Saturday, November 04, 2006

Google's Book Search Reviewed

Peter Jacso is a Professor of Information Science and a very thorough and perceptive critic of information services especially in the research library context.

He has just produced a thoroughly devastating review of Google Book Search, which suggests that the Google plan to create an archive of all published literature is wildly off-beam. Jacso gives many examples of absurd results from the GBS service, Even with simple searches, there is enough confusion because of the ignorance, illiteracy and innumeracy of the software........ Read the piece. Jacso knows what he is talking about when he examines the way Boolean searches work with Google -- disastrously and wrongly. Google prides itself on its technical proficiency but the nonsensical un-numerical and illogical results produced from the Book Search service merit public explanation and prompt repair.

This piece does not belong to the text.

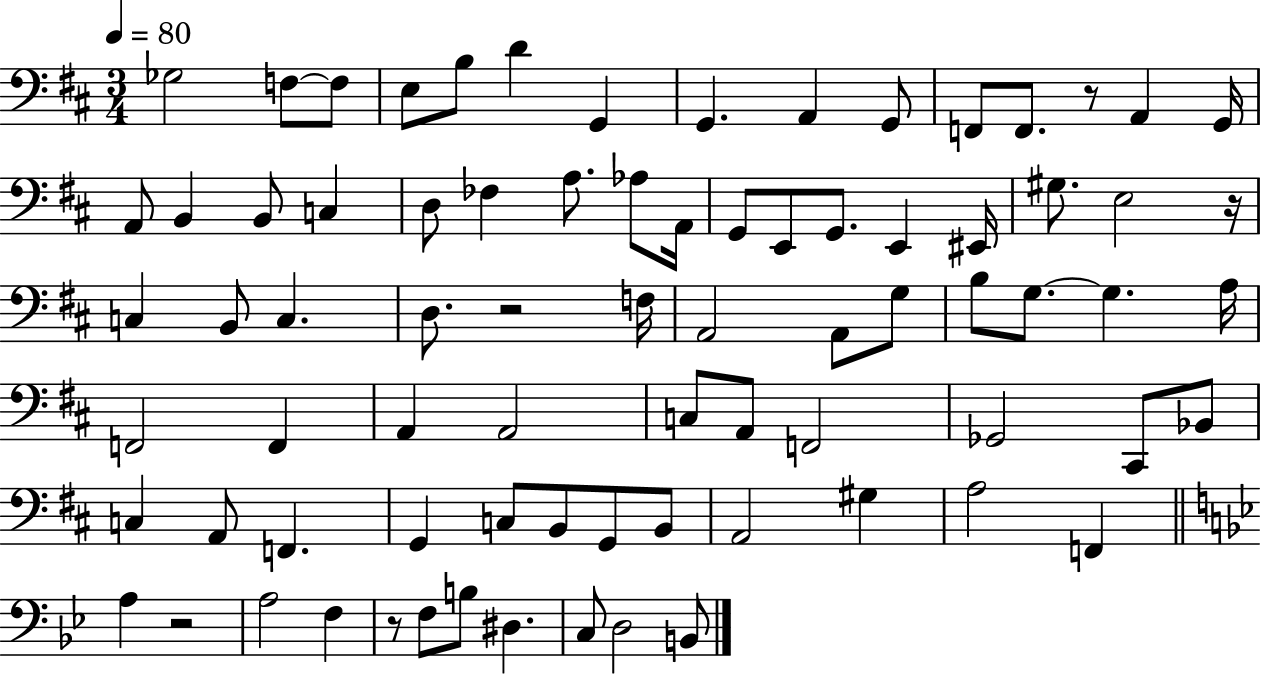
Gb3/h F3/e F3/e E3/e B3/e D4/q G2/q G2/q. A2/q G2/e F2/e F2/e. R/e A2/q G2/s A2/e B2/q B2/e C3/q D3/e FES3/q A3/e. Ab3/e A2/s G2/e E2/e G2/e. E2/q EIS2/s G#3/e. E3/h R/s C3/q B2/e C3/q. D3/e. R/h F3/s A2/h A2/e G3/e B3/e G3/e. G3/q. A3/s F2/h F2/q A2/q A2/h C3/e A2/e F2/h Gb2/h C#2/e Bb2/e C3/q A2/e F2/q. G2/q C3/e B2/e G2/e B2/e A2/h G#3/q A3/h F2/q A3/q R/h A3/h F3/q R/e F3/e B3/e D#3/q. C3/e D3/h B2/e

If the Google Book Search project is poorly implemented that is going to be a disappointment to the publishers and libraries who have supported the project, but is there perhaps a deeper problem? Jacso mentions but does not dwell on Google's unwillingness to document its activities. Is Google working on an assumption that simply feeding stuff into its search engine is all that is required? And that Page Rank will do the rest -- in effect that the pattern of citations and user behaviour will provide the necessary order to make a useable resource?

Could this disdainful neglect of catalog(ue)s, lists and the public bibliographic record be simply a matter of hubris based on excessive faith in Page Rank? One would hope not.

Friday, November 03, 2006

Advertising and the pressure on publishing revenues

The Los Angeles Times is for sale, classified and displayed ads are under pressure. Magazine and newspaper publishers and TV companies feel the threat of the web in the search for advertising dollars.

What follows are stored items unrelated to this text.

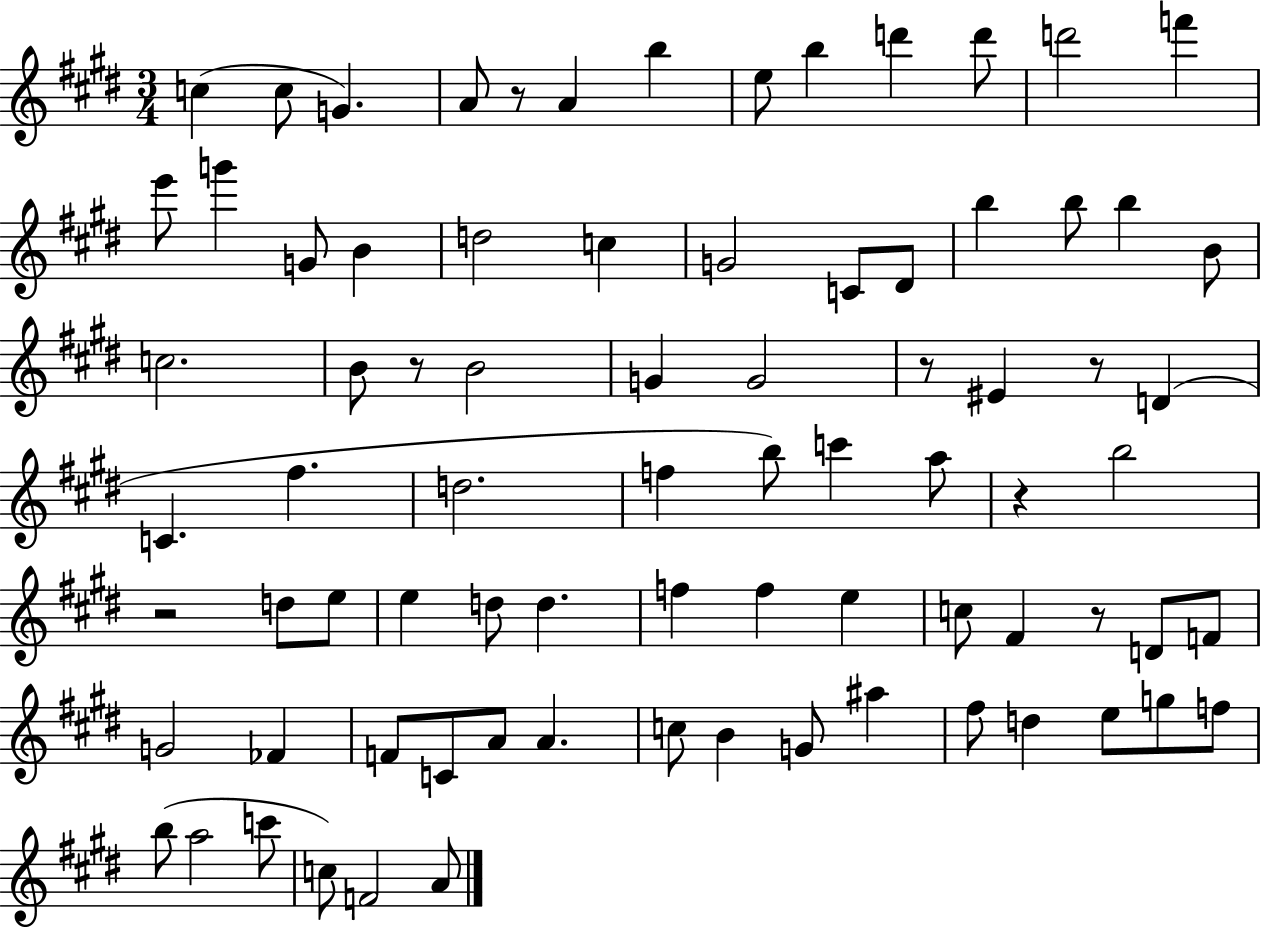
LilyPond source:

{
  \clef treble
  \numericTimeSignature
  \time 3/4
  \key e \major
  c''4( c''8 g'4.) | a'8 r8 a'4 b''4 | e''8 b''4 d'''4 d'''8 | d'''2 f'''4 | \break e'''8 g'''4 g'8 b'4 | d''2 c''4 | g'2 c'8 dis'8 | b''4 b''8 b''4 b'8 | \break c''2. | b'8 r8 b'2 | g'4 g'2 | r8 eis'4 r8 d'4( | \break c'4. fis''4. | d''2. | f''4 b''8) c'''4 a''8 | r4 b''2 | \break r2 d''8 e''8 | e''4 d''8 d''4. | f''4 f''4 e''4 | c''8 fis'4 r8 d'8 f'8 | \break g'2 fes'4 | f'8 c'8 a'8 a'4. | c''8 b'4 g'8 ais''4 | fis''8 d''4 e''8 g''8 f''8 | \break b''8( a''2 c'''8 | c''8) f'2 a'8 | \bar "|."
}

There are at least two suitable weapons of retaliation, readily available, which publishers have been slow to seize on and wield. Print publishers should make sure that their advertisements appear on the web exactly as they do in print and are usefully clickable when they appear. Web distribution of the print ads reinforces the value of the print service. Useful 'clickability' means making the urls, the emails and even the phone numbers an instant means of reader response: a simple click-through. Second, why not deploy Google text ads as an additional source of revenue? It has been interesting to see the way this works for Thelondonpaper -- try a search on 'dentist' or 'Arsenal' to see how Google copes with the London context. Google text ads have been running on this service for the last week and they are mostly 'spot on'.

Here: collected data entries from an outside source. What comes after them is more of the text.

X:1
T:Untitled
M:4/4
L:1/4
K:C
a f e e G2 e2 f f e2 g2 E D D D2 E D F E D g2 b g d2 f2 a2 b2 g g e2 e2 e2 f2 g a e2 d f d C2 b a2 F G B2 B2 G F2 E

Wednesday, November 01, 2006

Reddit acquired by Conde Nast

I got this from David Weinberger's blog Joho.

Conde Nast (with the slogan 'There's a connection that our readers have with our magazines') recently purchased the Wired web site. Perhaps Conde Nast has some strategic plan. The Reddit acquisition looks interesting, and complementary to a culture of web-delivered magazines. This is a forum on which all and any magazine article (newspaper story, blog entry, TV program, etc. can be analysed and controverted). But surely Conde Nast now need a reliable platform on which any magazine (theirs or someone else's) can be accessed through the web? And it would not work if that was a proprietary publisher-owned platform would it? The platform that meets this need would have to be one in which individual magazine articles, pages and issues can be consistently cited......Reliably citeable web publishing platforms are in short supply. Connections need direct links and reliable citations.

insideout



Two new magazines for our shop in one day. The pace is hotting up.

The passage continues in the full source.